**Your goal**
The reply should contain all the data below, repeated exactly, and none of the images.

Image-caption web data:
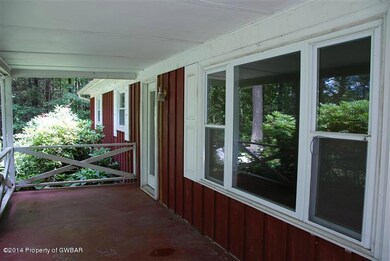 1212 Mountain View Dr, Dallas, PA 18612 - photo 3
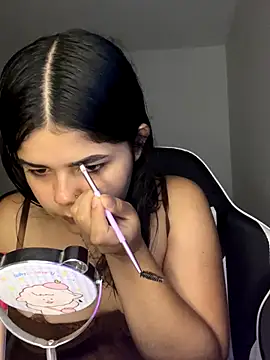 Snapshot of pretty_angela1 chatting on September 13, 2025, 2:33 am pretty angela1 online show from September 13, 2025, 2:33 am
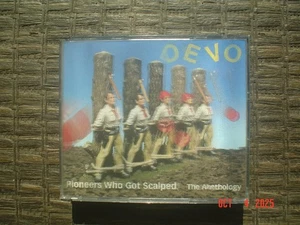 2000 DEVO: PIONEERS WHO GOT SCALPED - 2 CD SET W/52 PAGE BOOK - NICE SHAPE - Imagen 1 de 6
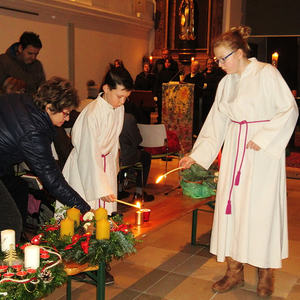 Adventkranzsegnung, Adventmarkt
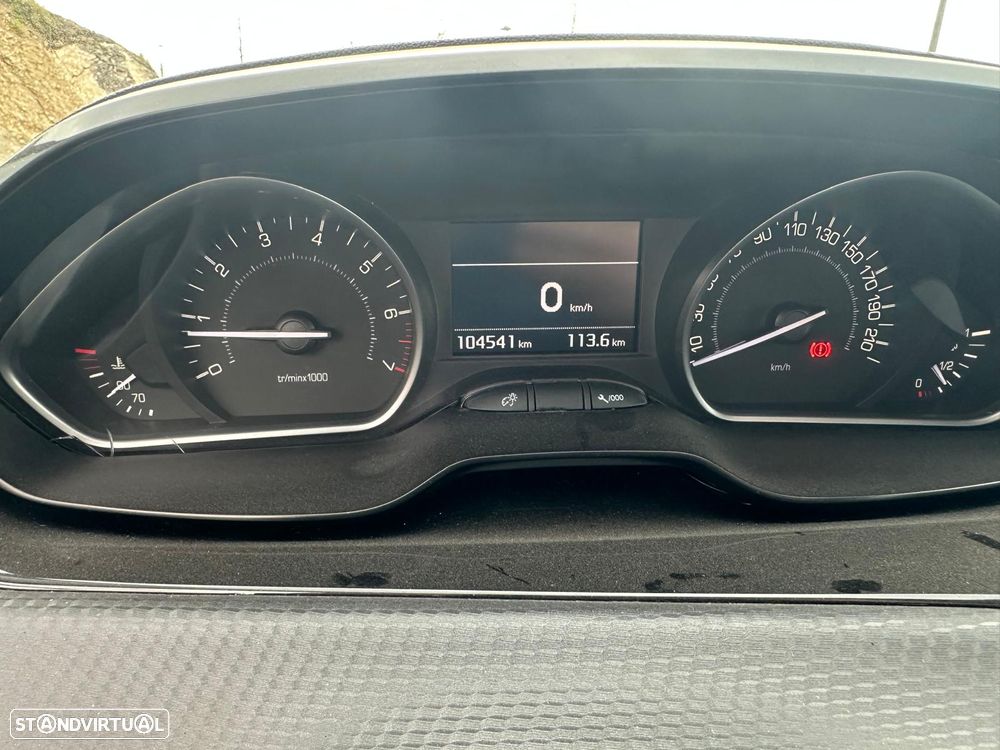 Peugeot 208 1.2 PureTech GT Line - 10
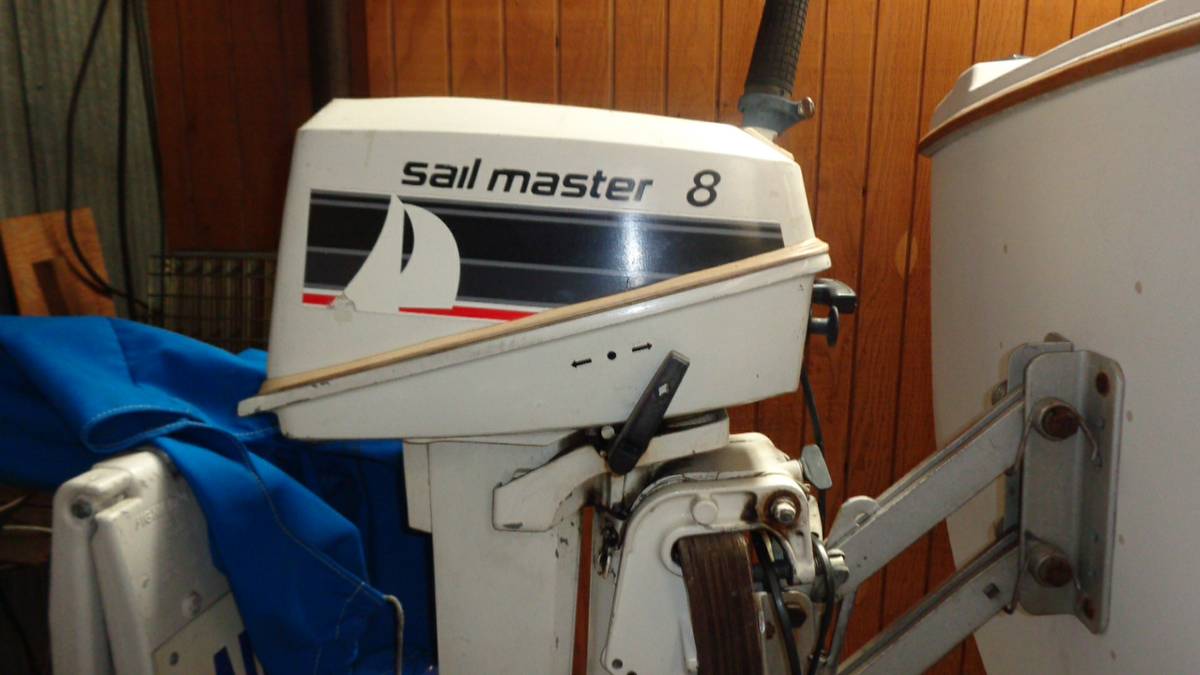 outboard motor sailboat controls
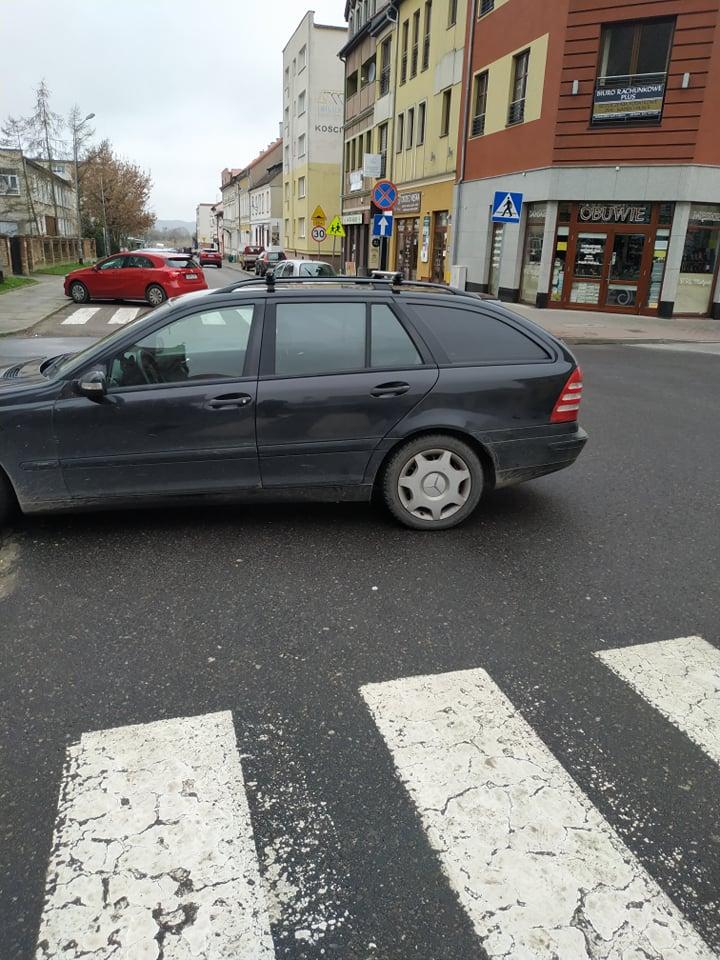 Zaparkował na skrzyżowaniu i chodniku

**Response box**
 1212 Mountain View Dr, Dallas, PA 18612 - photo 3
 Snapshot of pretty_angela1 chatting on September 13, 2025, 2:33 am pretty angela1 online show from September 13, 2025, 2:33 am
 2000 DEVO: PIONEERS WHO GOT SCALPED - 2 CD SET W/52 PAGE BOOK - NICE SHAPE - Imagen 1 de 6
 Adventkranzsegnung, Adventmarkt
 Peugeot 208 1.2 PureTech GT Line - 10
 outboard motor sailboat controls
 Zaparkował na skrzyżowaniu i chodniku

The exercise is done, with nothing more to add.